Memorandum of Understanding regarding the Use and Disclosure of Information  with Respect to Periods of Incarceration for the Administration of the Old Age Security Act

Please refer to HRSDC's PIA Summary for their risks and recommendations for mitigation.

Overview

A joint Privacy Impact Assessment (PIA) has been conducted on the Memorandum of Understanding (MOU) regarding the Use and Disclosure of Information with Respect to Periods of Incarceration for the Administration of the Old Age Security Act. This assessment is limited to the collection, use, disclosure and retention of the information as it pertains to the agreement.

The MOU authorizes the disclosure by CSC to HRSDC of personal information regarding individuals who are aged 60 years and older who have been recently incarcerated.

Summary of Risks and Recommendations:

General

Risk

A potential unauthorized use or disclosure.

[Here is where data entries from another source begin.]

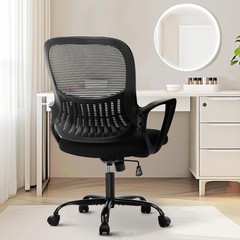 Sweetcrispy Home Office Managerial Executive Chair with Ergonomic Design, Mid…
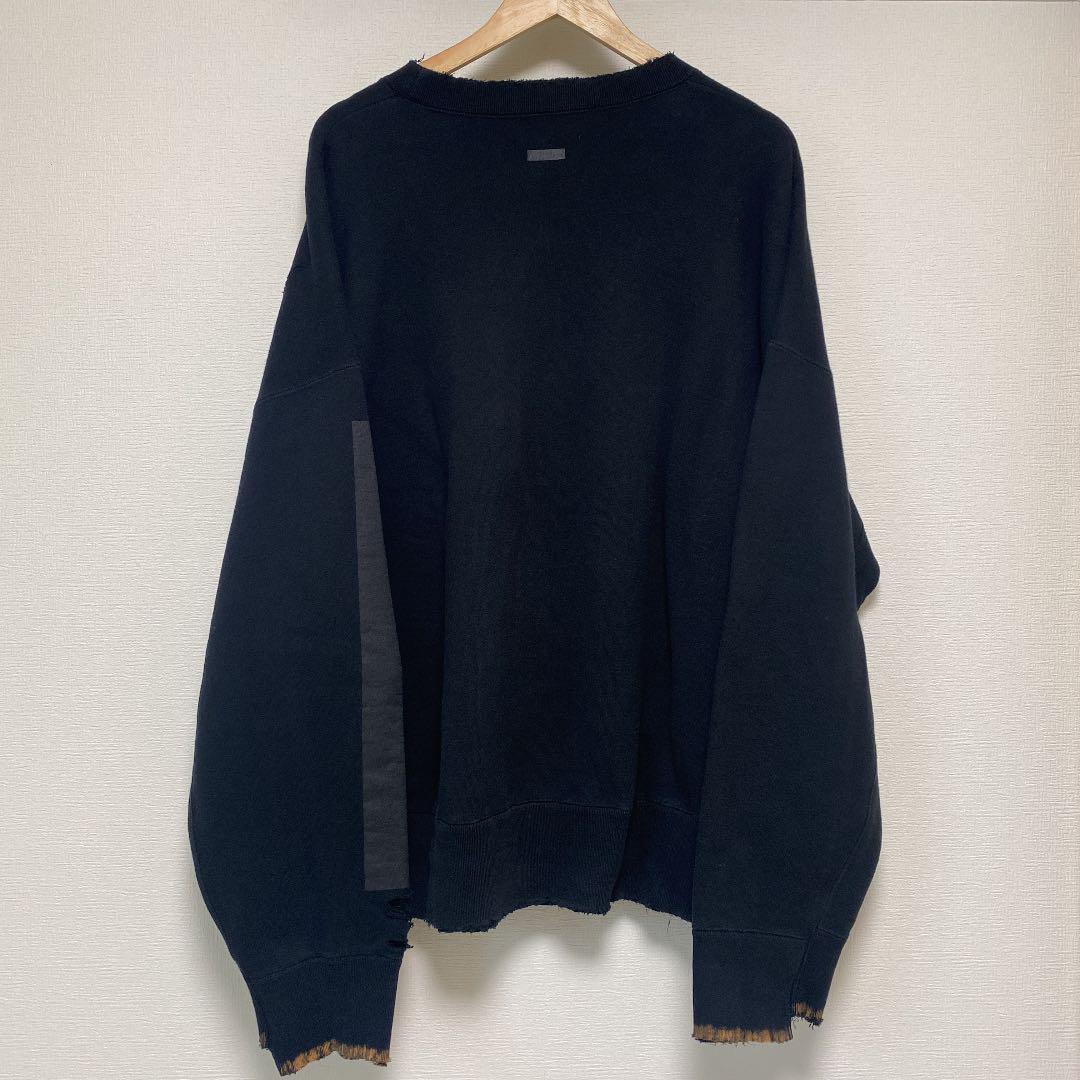 得価人気SALE stein OVERSIZED REBUILD SWEAT L S BLACK srHlB-m63175368500 日本製格安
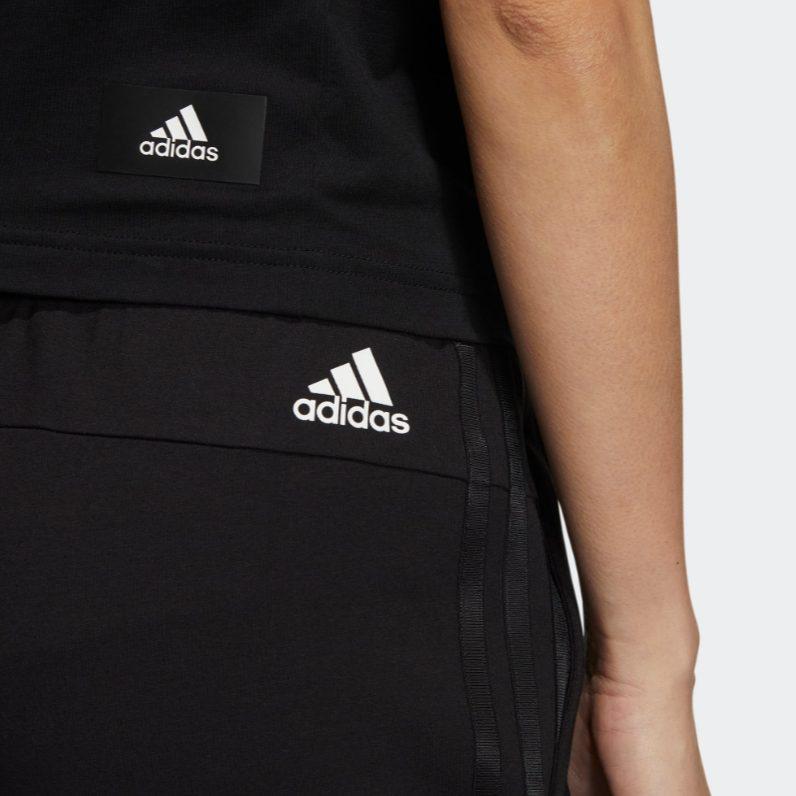 Adidas Knitted Sweatpants Women's Black Moderate Cuffed Pants HM7067
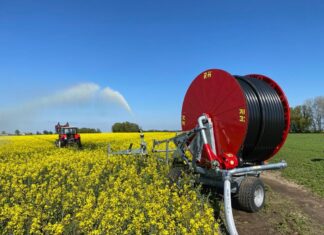 deszczownie szpulowe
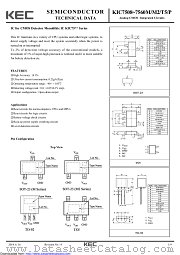 KIC7556T5 datasheet pdf Korea Electronics (KEC)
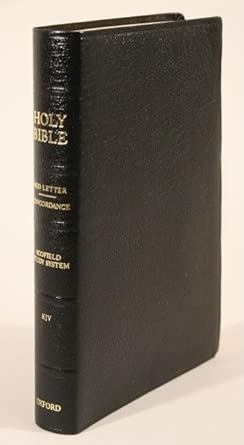 Anglais, Bible d'étude Old Scofield King James Version, cuir de bœuf, noir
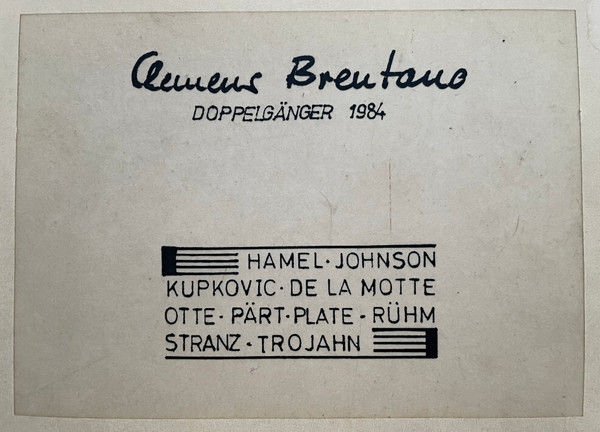 Clemens Brentano - Doppelgänger 1984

Recommendations for mitigation

CSC will ensure that HRSDC exercises due diligence with the information it receives on offenders in order to administer the changes to the OAS Act. This "due diligence" may include conducting regular privacy or security audits or reviews of the program to protect the integrity and confidentiality of the information transmitted in electronic format to HRSDC.

Risk

An increase in Access to Information Act and Privacy Act requests from offenders who are seeking to know why their personal information is being disclosed to HRSDC. They may also want details on the MOU concerning the exchange of information.

Recommendations for mitigation

CSC will prepare communication materials so that employees of those affected areas can prepare for an increase in ATIP requests and grievances. Affected areas may wish to review their existing resources to identify ways to handle an influx of offender requests.

CSC has in place a mechanism that allows for the reporting and corrective action of any privacy breaches due to improper use and disclosure of personal information. This includes written Privacy Breach Guidelines and the reporting of breaches to members of CSC's Privacy Committee, chaired by the Assistant Commissioner, Policy Sector. The Guidelines stipulate that, where appropriate, a Privacy Risk Assessment is to be completed to determine the severity of the breach and to identify those cases where the Office of the Privacy Commissioner of Canada is notified.